The answer is an exact repetition of every entry, with all images left out.
Data records section start
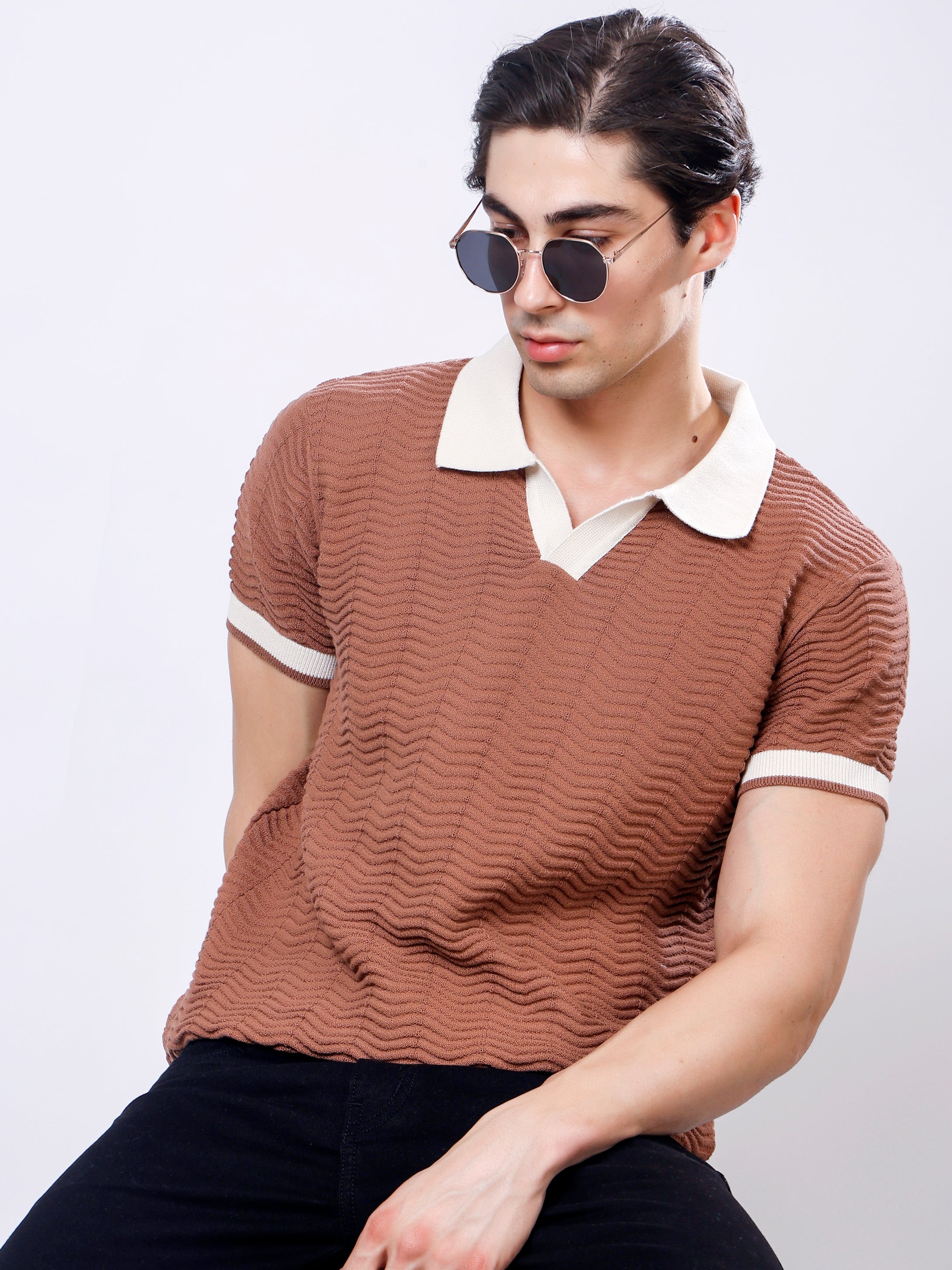 Stylox Men's Regular Fit Half Sleeve Textured Knitted Contrast Collar Polo Tee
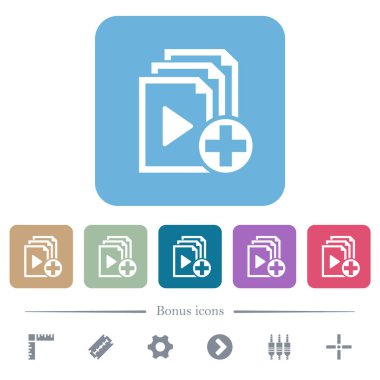 Renkli yuvarlak kare arkaplandaki beyaz düz simgelere yeni öge ekle. 6 bonus simgesi dahil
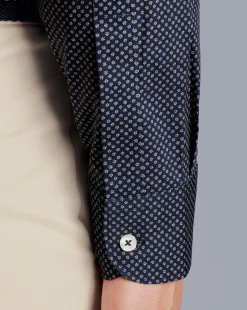 Dress Shirts|S<Charles Tyrwhitt Semi-Spread Collar Mini Floral Print Non-Iron Shirt - Blue Navy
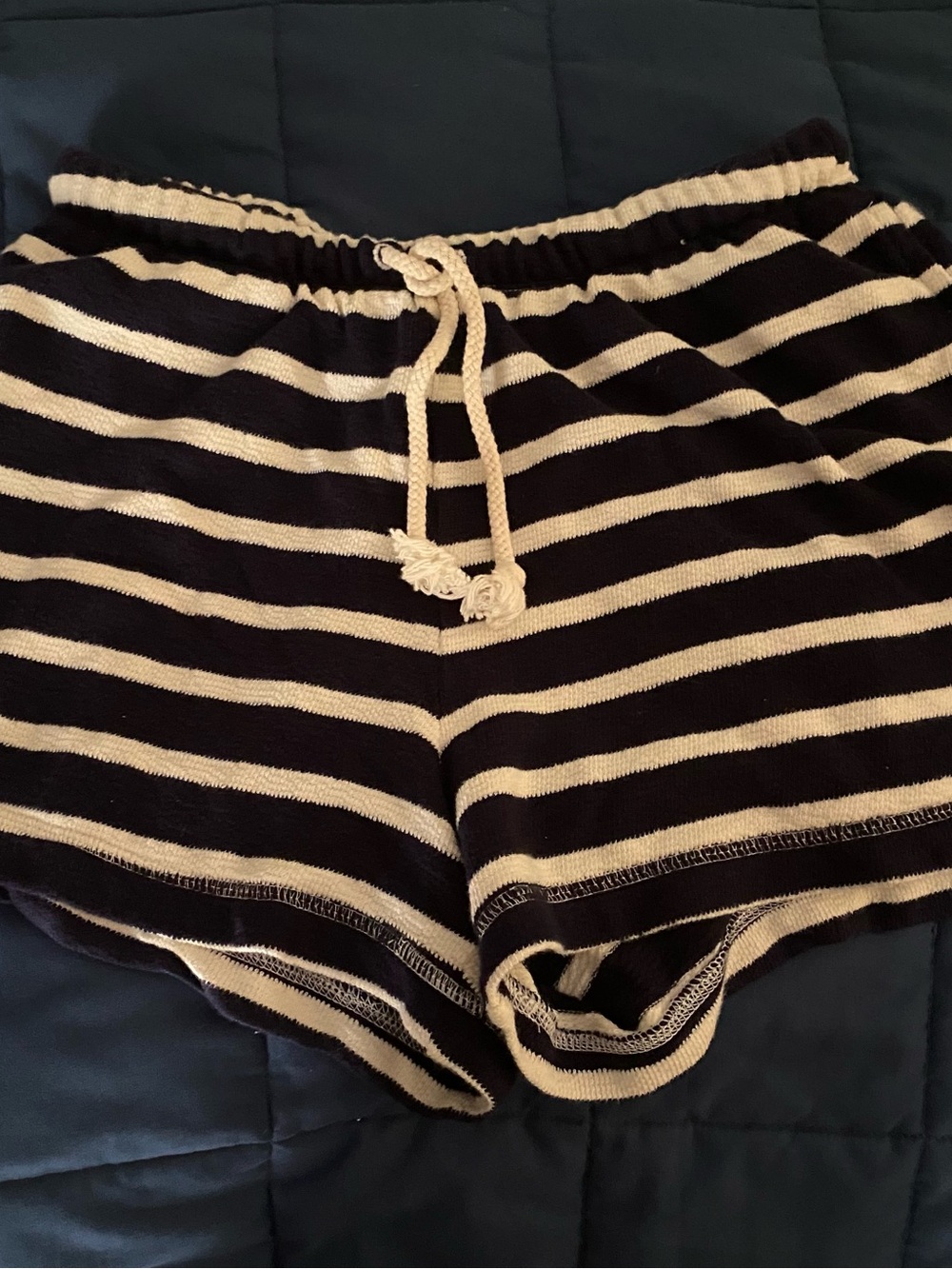 GAP Black and Cream Striped Knit Lounge Shorts
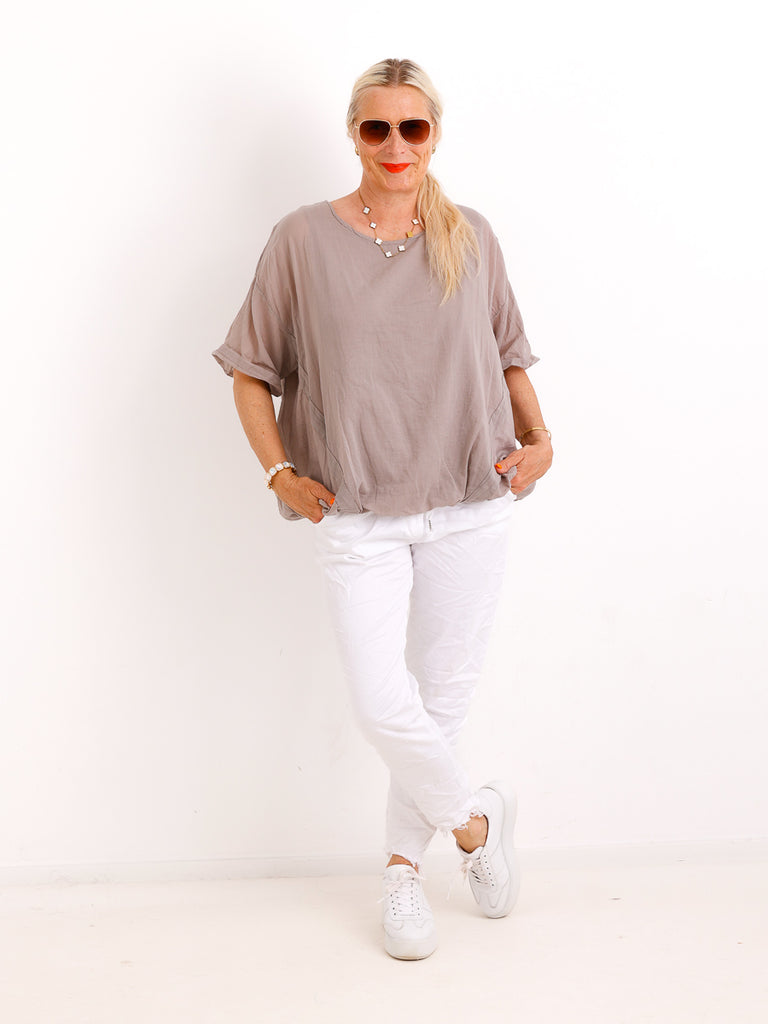 Oversize Baumwollbluse LUCIE.S – Zweilagig mit Zierbändern – Gr. 38-46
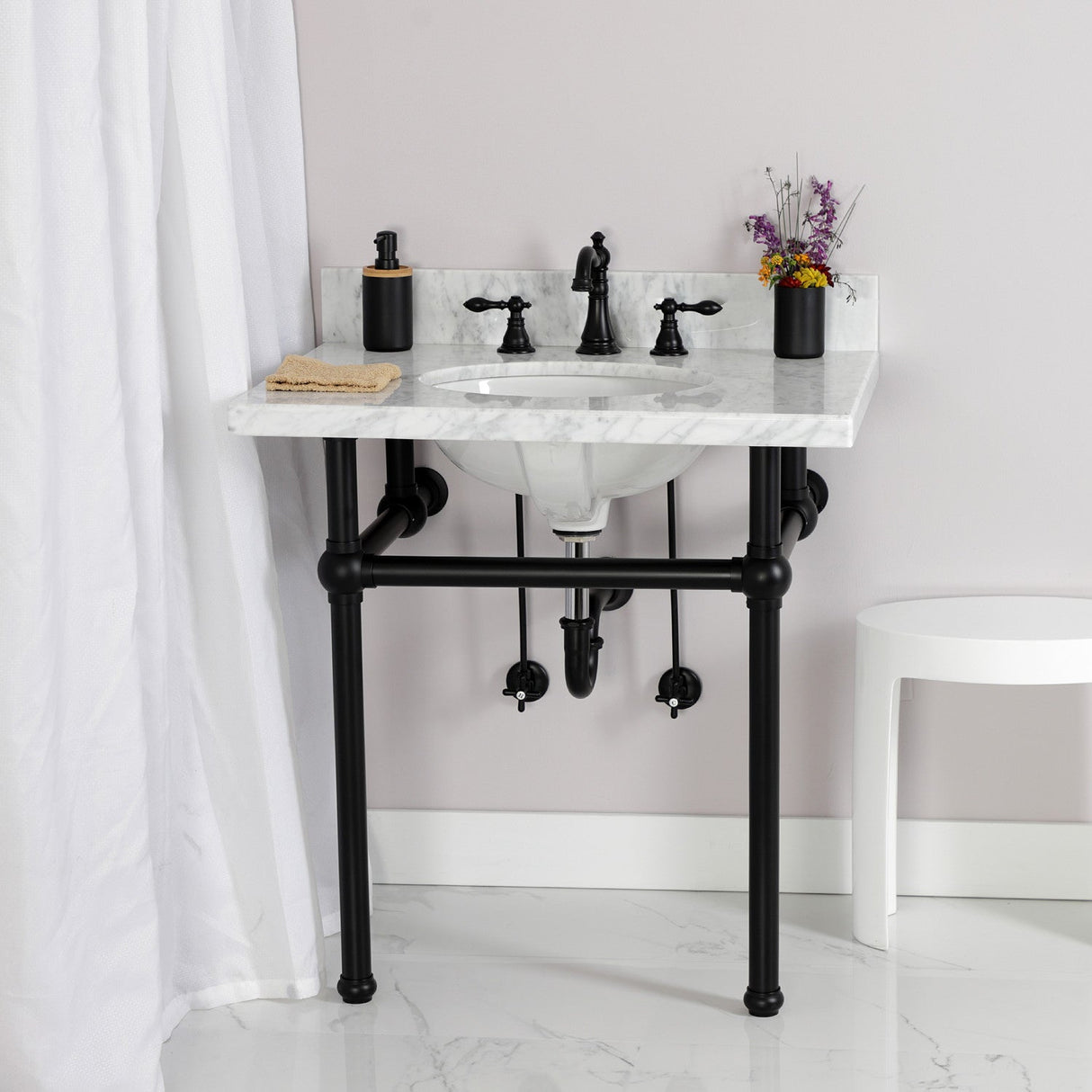 Trimscape KPK100MBP Traditional Plumbing Supply Kit Combo with P-Trap, Matte Black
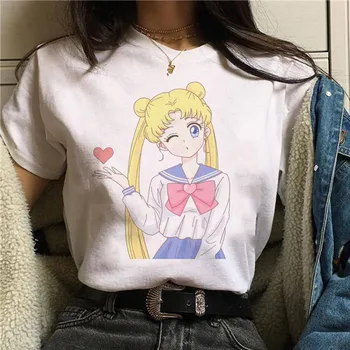 Sailor Moon Desene animate Amuzant Tricou Femei Harajuku Ullzang Anime T-shirt ' 90 Stil coreean Tricou Grafic Estetice Sus Teuri de sex Feminin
Data records section end
#### Written solution:
 Stylox Men's Regular Fit Half Sleeve Textured Knitted Contrast Collar Polo Tee
 Renkli yuvarlak kare arkaplandaki beyaz düz simgelere yeni öge ekle. 6 bonus simgesi dahil
 Dress Shirts|S<Charles Tyrwhitt Semi-Spread Collar Mini Floral Print Non-Iron Shirt - Blue Navy
 GAP Black and Cream Striped Knit Lounge Shorts
 Oversize Baumwollbluse LUCIE.S – Zweilagig mit Zierbändern – Gr. 38-46
 Trimscape KPK100MBP Traditional Plumbing Supply Kit Combo with P-Trap, Matte Black
 Sailor Moon Desene animate Amuzant Tricou Femei Harajuku Ullzang Anime T-shirt ' 90 Stil coreean Tricou Grafic Estetice Sus Teuri de sex Feminin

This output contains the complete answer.